===== INPUT FOR THIS TASK

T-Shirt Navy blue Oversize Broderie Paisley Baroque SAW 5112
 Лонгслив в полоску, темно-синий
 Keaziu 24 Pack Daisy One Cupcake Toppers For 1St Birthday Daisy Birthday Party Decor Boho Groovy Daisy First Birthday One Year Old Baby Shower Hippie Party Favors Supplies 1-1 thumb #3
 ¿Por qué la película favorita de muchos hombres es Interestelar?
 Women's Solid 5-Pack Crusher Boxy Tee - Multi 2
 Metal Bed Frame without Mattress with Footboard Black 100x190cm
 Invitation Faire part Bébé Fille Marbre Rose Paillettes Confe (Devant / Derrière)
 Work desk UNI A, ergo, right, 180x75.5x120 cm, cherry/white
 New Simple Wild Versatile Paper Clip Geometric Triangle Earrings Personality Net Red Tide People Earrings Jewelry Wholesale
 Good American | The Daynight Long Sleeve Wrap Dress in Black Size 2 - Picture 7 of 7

==========

WORK INSTRUCTIONS: Without omitting anything, output the data verbatim.

WRITTEN ANSWER:
T-Shirt Navy blue Oversize Broderie Paisley Baroque SAW 5112
 Лонгслив в полоску, темно-синий
 Keaziu 24 Pack Daisy One Cupcake Toppers For 1St Birthday Daisy Birthday Party Decor Boho Groovy Daisy First Birthday One Year Old Baby Shower Hippie Party Favors Supplies 1-1 thumb #3
 ¿Por qué la película favorita de muchos hombres es Interestelar?
 Women's Solid 5-Pack Crusher Boxy Tee - Multi 2
 Metal Bed Frame without Mattress with Footboard Black 100x190cm
 Invitation Faire part Bébé Fille Marbre Rose Paillettes Confe (Devant / Derrière)
 Work desk UNI A, ergo, right, 180x75.5x120 cm, cherry/white
 New Simple Wild Versatile Paper Clip Geometric Triangle Earrings Personality Net Red Tide People Earrings Jewelry Wholesale
 Good American | The Daynight Long Sleeve Wrap Dress in Black Size 2 - Picture 7 of 7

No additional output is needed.